In age of sports transparency, how did Raptors controversy happen?

Watch as Terrence Ross hits a three at the buzzer to force OT but after a review it would be determined the clock was not started at the right time thus voiding Ross’s shot.

We live in the age of apparent sports transparency, having left the dark ages well behind.

In the grand scheme it wasn’t so long ago that Wilt Chamberlain scored 100 points in an NBA game, but it wasn’t televised; there were only 4,100 people in Hershey, Pennsylvania that night. It’s one of the iconic moments in sports history and we pretty much have to take people’s word for it.

Now?

The Toronto Raptors dropped a 102-99 decision to Sacramento Kings on Sunday night, a game that ended with a controversial call over-turning an apparent game-tying, buzzer-beating triple from Terrence Ross. It’s the most-watched few seconds of video since Abraham Zapruder was rolling on John F. Kennedy’s motorcade.

If you somehow missed it, it went like this: The Raptors’ DeMarre Carroll inbounds the ball to Ross with 2.4 seconds left, but not before the Kings’ DeMarcus Cousins tips the pass. Ross adjusts to the deflection, grabs the ball, whirls and drains a 30-footer as the buzzer sounds.

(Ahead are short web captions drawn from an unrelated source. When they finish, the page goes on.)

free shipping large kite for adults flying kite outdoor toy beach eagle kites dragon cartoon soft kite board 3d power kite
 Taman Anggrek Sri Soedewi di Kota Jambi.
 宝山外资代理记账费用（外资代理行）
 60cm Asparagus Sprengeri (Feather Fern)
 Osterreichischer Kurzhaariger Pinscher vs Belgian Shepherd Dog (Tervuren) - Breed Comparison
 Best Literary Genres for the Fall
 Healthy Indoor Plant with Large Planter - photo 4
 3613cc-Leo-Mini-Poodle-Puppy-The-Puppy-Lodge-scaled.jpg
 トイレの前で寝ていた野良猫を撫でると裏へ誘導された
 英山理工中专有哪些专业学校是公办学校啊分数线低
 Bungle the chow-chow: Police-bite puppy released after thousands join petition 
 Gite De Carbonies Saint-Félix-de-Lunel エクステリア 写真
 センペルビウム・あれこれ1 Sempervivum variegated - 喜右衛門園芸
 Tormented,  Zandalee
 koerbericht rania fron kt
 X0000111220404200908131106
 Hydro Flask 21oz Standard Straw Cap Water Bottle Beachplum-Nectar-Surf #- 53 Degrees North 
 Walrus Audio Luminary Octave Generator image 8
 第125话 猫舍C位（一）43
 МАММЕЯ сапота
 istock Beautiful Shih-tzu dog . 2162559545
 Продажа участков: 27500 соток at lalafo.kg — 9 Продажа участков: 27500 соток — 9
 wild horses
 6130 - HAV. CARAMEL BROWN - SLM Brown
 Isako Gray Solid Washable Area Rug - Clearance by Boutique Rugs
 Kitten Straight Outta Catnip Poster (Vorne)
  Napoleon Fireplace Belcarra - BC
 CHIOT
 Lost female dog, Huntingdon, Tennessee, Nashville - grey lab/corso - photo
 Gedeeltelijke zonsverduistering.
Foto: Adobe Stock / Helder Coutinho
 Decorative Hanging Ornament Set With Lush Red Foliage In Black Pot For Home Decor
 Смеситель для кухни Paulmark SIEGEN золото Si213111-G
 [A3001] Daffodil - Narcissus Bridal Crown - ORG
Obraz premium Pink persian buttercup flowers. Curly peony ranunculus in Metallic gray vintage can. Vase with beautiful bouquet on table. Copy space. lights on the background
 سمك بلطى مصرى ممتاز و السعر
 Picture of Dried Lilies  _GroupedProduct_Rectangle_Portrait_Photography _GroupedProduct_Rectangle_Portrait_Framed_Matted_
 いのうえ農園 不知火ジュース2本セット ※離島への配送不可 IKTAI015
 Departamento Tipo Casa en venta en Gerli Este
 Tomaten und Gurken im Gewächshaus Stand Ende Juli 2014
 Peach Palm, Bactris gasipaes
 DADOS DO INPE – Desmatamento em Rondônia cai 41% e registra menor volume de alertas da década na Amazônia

Game tied. Bedlam. Free basketball.

Not so fast.

Courtney Kirkland, one of the three referees – each of whom start the clock with a remote on their belt – notices that the game clock didn’t seem to start right away.

He approaches the scorers table for a video review, conducted in the league offices in Secaucus, New Jersey and after a few tense moments it’s determined the clock didn’t start immediately after Cousins tipped it and total time elapsed between Cousins getting his finger on the ball and the ball leaving Ross’ hand was 2.5 seconds, therefore the basket doesn’t count, even though anyone at home with a DVR could produce a screen shot showing Ross’ shot was taken with 0.5 seconds left.

Game over. Raptors lose. More bedlam, including Raptors forward Patrick Patterson lobbying to be fined with an evocative twitter rant – a nice modern twist.

The Raptors hadn’t decided as of Monday afternoon if they were going to launch an official appeal or not. There is a mechanism to do so but the success rate is very low with only one appeal – the Miami Heat’s 2008 protest of Shaquille O’Neal being incorrectly fouled out due to a score table error in Atlanta – being upheld in the past 30 years.

The NBA had done their part to be transparent about the whole thing. They had head referee Mike Callahan explain himself to a pool reporter after the game. They have a history of apologizing to teams who they judged to have been victims of wrong calls – the Raptors got an apology this time a year ago after they lost a two-point game to the New York Knicks when no one noticed Carmelo Anthony had stepped out of bounds in the final moments. Three years ago the Raptors got two apologies in one season.

They are only gestures, however as Patterson noted:

And the league even publishes a “Last two-minute report” – a full accounting of all the calls in the final two minutes of games – right and wrong. It’s a curious exercise since nothing can become of the errors, which pop up more frequently than you might have believed. It comes across like a 12-year-old earnestly being upfront about forgetting their homework in hopes they don’t get their smartphone taken away.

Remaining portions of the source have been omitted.